*Supplied data*.
◇ ◇ ◇ ◇ ◇
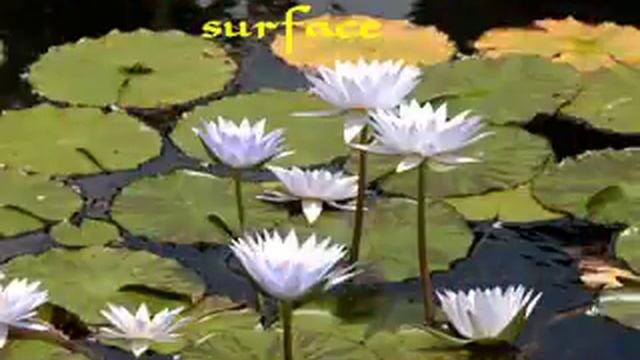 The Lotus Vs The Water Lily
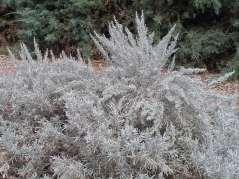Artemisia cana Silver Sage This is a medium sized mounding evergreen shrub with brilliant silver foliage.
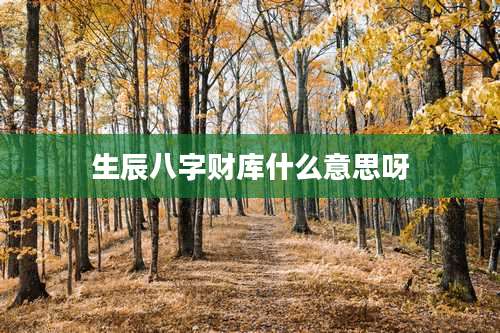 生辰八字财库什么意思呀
◇ ◇ ◇ ◇ ◇
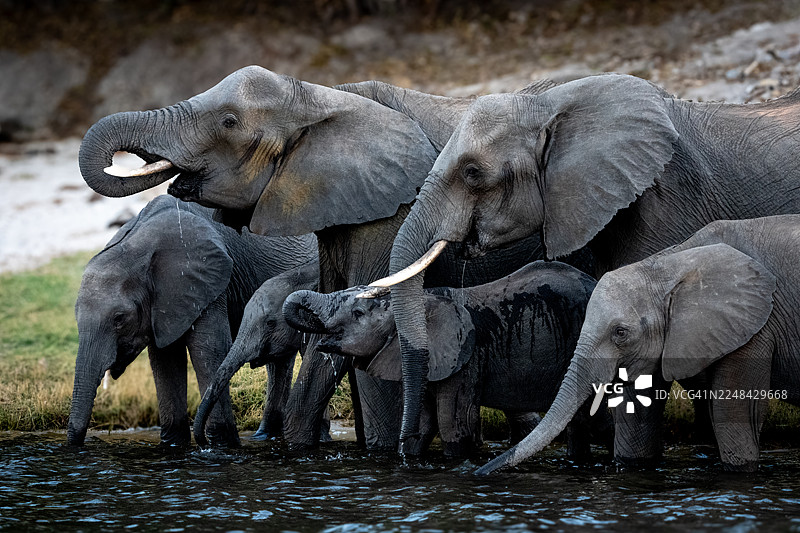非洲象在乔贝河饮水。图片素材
◇ ◇ ◇ ◇ ◇
*What you are asked to do*. Your answer is the exact run of lines above from the one with "The Lotus Vs The Water Lily" through the one with "生辰八字财库什么意思呀", both ends included, minus any picture.

*Completed exercise*.
 The Lotus Vs The Water Lily
Artemisia cana Silver Sage This is a medium sized mounding evergreen shrub with brilliant silver foliage.
 生辰八字财库什么意思呀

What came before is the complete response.